Pictures with short captions:

··········

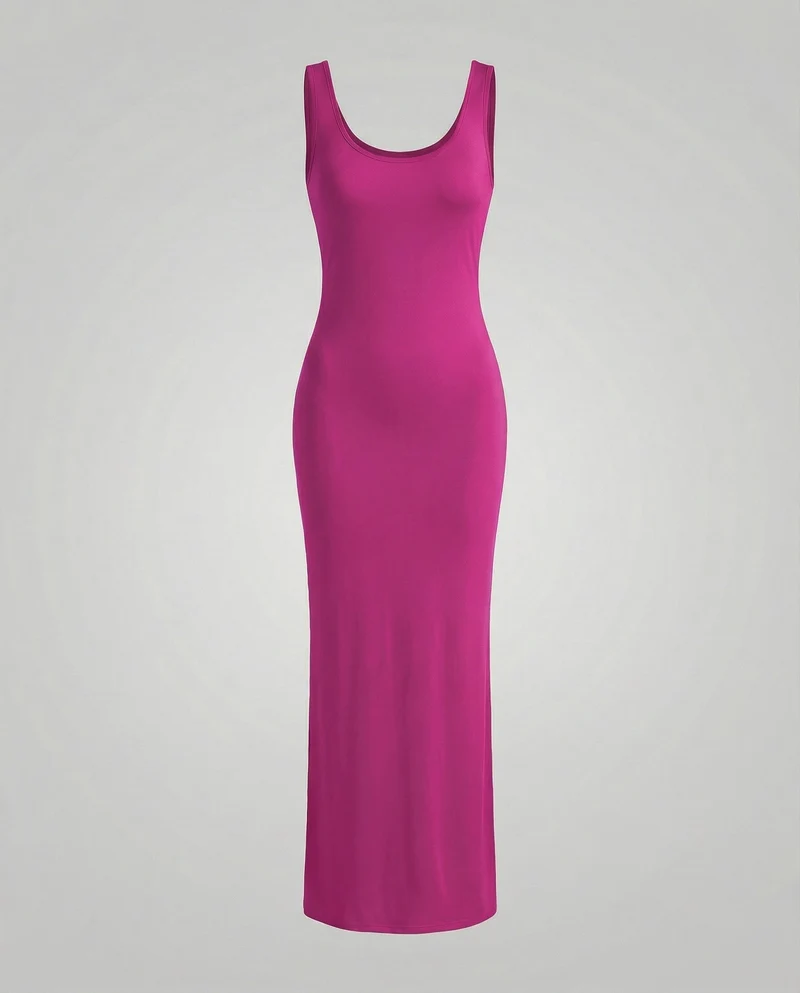 Damen nan langes figurformendes Maxikleid mit tiefem Rundhalsausschnitt ärmelloser Silhouette und taillierendem Stretchmaterial Nord Taschen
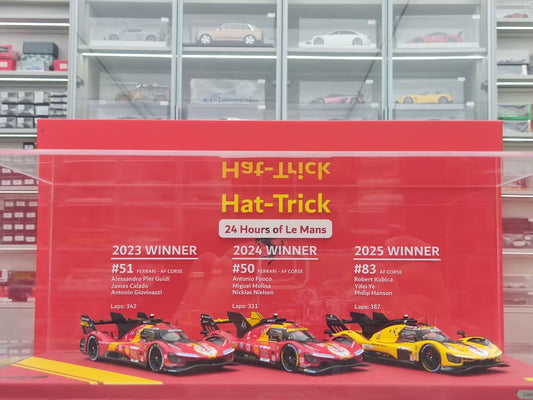 BBR 1/43 Ferrari 2023, 2024, 2025 Le Mans Three-Time Champion Special Edition Three-Car Set EMP25LMEX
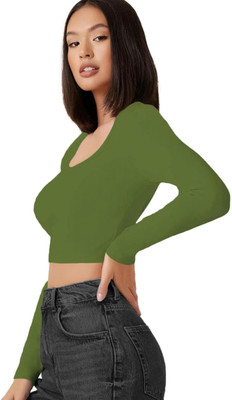 THE BLAZZE Casual Solid Women Green Top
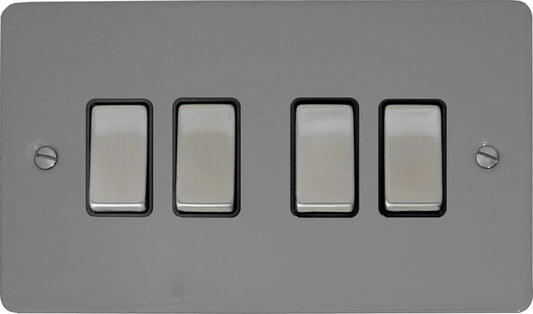 Flat Light Grey 4 Gang 2 Way Switch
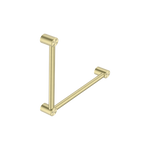 Load image into Gallery viewer, MECCA CARE 32MM AMBULANT TOILET GRAB RAIL 90 DEGREE 450x450MM BRUSHED GOLD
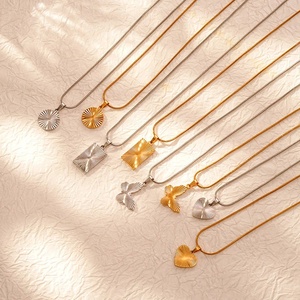 Colliers superposés en or pour femmes, collier pendentif délicat plaqué or 14 carats, bijoux personnalisés tendance, cadeau pour <span class=keywords><strong>maman</strong></span> - Product Image 3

··········

> **ACTION ITEM**
Leave out the pictures and return, exactly as written, only the lines from the line with "THE BLAZZE Casual Solid Women Green Top" through the end of the records above.

> **ANSWER FOR THE TASK**
 THE BLAZZE Casual Solid Women Green Top
 Flat Light Grey 4 Gang 2 Way Switch
 Load image into Gallery viewer, MECCA CARE 32MM AMBULANT TOILET GRAB RAIL 90 DEGREE 450x450MM BRUSHED GOLD
 Colliers superposés en or pour femmes, collier pendentif délicat plaqué or 14 carats, bijoux personnalisés tendance, cadeau pour <span class=keywords><strong>maman</strong></span> - Product Image 3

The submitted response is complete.